The first study, led by Charles Limb of the NIH and Johns Hopkins University, examined the brain activity of jazz musicians as they played on a piano. The musicians began with pieces that required no imagination such as the C-major scale and a simple blues tune they’d memorized in advance. But then came the creativity condition: The musicians were told to improvise a new melody as they played alongside a recorded jazz quartet.
While the musicians riffed on the piano, giant magnets whirred overhead monitoring minor shifts in their brain activity. The researchers found that jazz improv relied on a carefully choreographed set of mental events, which allowed the musicians to discover their new melodies. Before a single note was played, the pianists exhibited a “deactivation” of the dorsolateral prefrontal cortex (DLPFC), a brain area associated with planned actions and self-control. In other words, they were inhibiting their inhibitions, which allowed the musicians to create without worrying about what they were creating.
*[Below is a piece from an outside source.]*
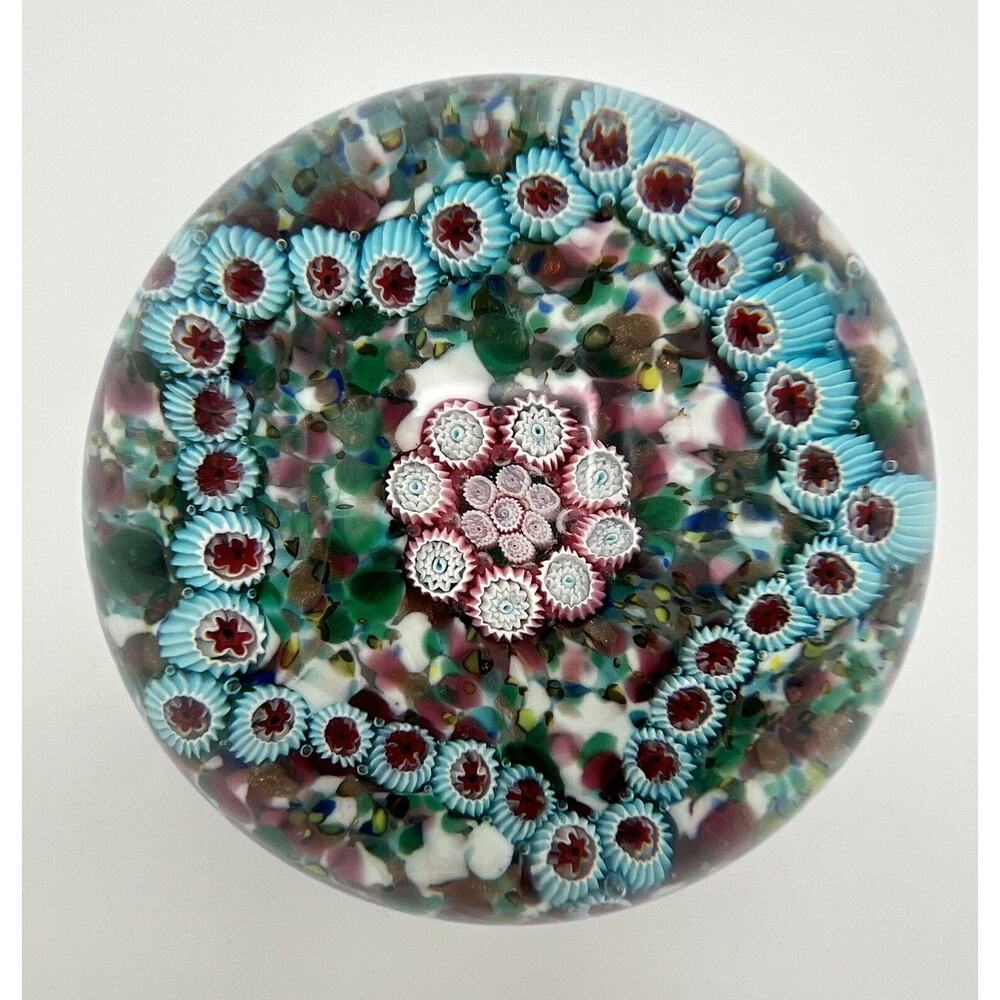 Vintage Murano Millefiori 3” Aventurine Tutti Frutti Art Glass Paperweight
But it’s not enough to just unleash the mind — successful improv requires a very particular kind of expression. That’s why the fMRI machine also recorded a spike in activity in the medial prefrontal cortex, a fold of frontal lobe just behind the eyes. This area is often linked with self-expression — it lights up, for instance, whenever people tell a story in which they’re the main character. The scientists argue that this part of the brain is required for jazz improv because the musicians are channeling their artistic identity, searching for the notes that best summarize their style. “Jazz is often described as being an extremely individualistic art form,” Limb says. “What we think is happening is when you’re telling your own musical story, you’re shutting down impulses that might impede the flow of novel ideas.”
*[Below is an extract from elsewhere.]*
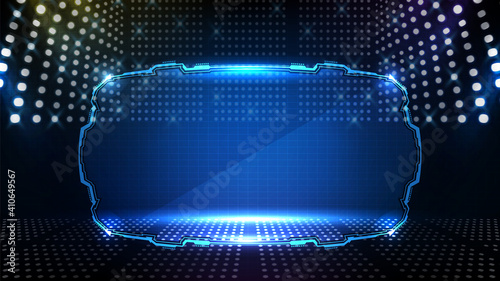 abstract futuristic background of blue glowing technology sci fi frame hud ui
In the second experiment scientists at Harvard investigated the varieties of musical improvisation. They recruited 12 classically trained pianists and had them spontaneously create both rhythms and melodies. Unlike the Hopkins experiment, which compared brain activity between improv and memorized piano melodies, this brain scanning experiment was primarily designed to compare activity between two different kinds of improv.
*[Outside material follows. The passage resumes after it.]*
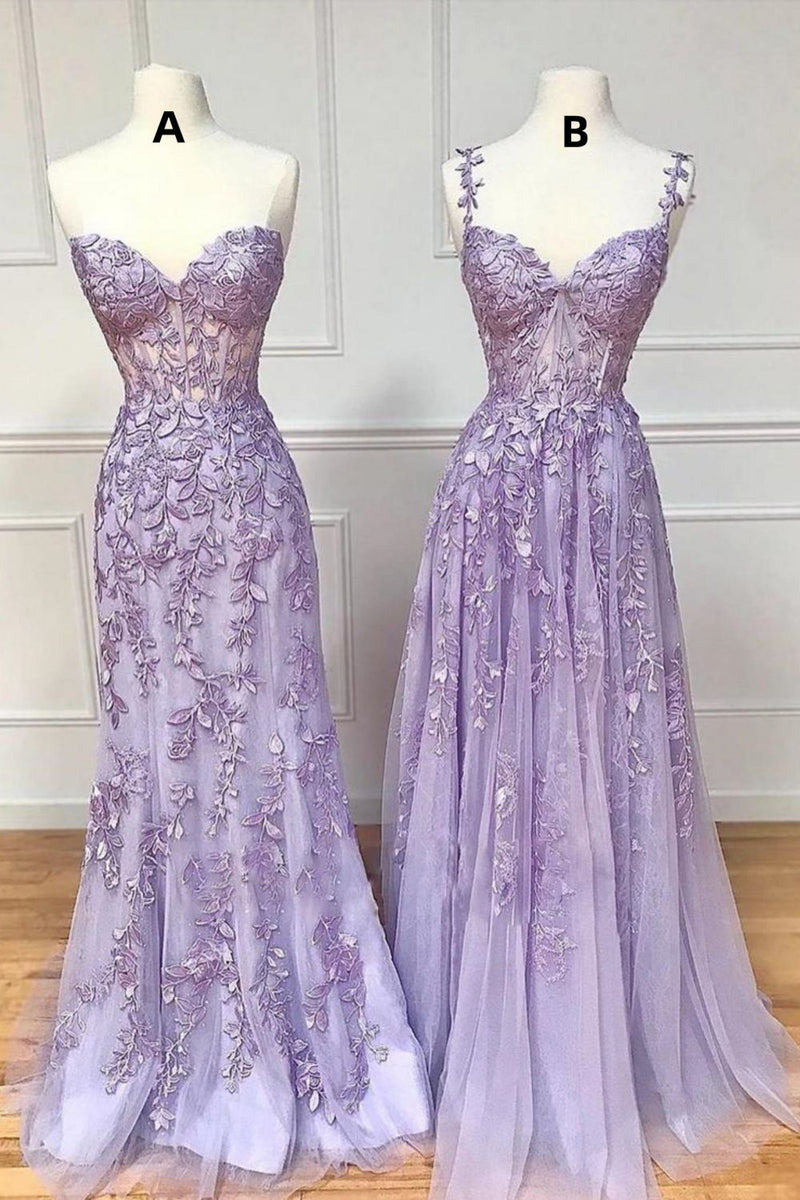 Lilac Mermaid Sweetheart Corset Appliques Prom Dress With Side Slit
As expected, both improv conditions led to a surge in activity in a variety of brain areas, including parts of the premotor cortex and, most intriguingly, the inferior frontal gyrus. The premotor activity is simply an echo of execution — the novel musical patterns, after all, must still be translated by the fingers. The inferior frontal gyrus, however, has primarily been investigated for its role in language — it includes Broca’s area, which is essential for the production of speech. Why, then, is it so active when people create music on the piano? The scientists argue that expert musicians create new melodies by relying on the same mental muscles used to create a sentence; every note is another word.
These two brain-scanning studies provide an elegant view into our seething cauldron. They reveal a brain able to selectively silence that which keeps us silent. And just when we’ve found the courage to create something new, the brain surprises us with an expression of ourselves. We suddenly find our reflection — not in the mirror, or even in our words. It’s in the music.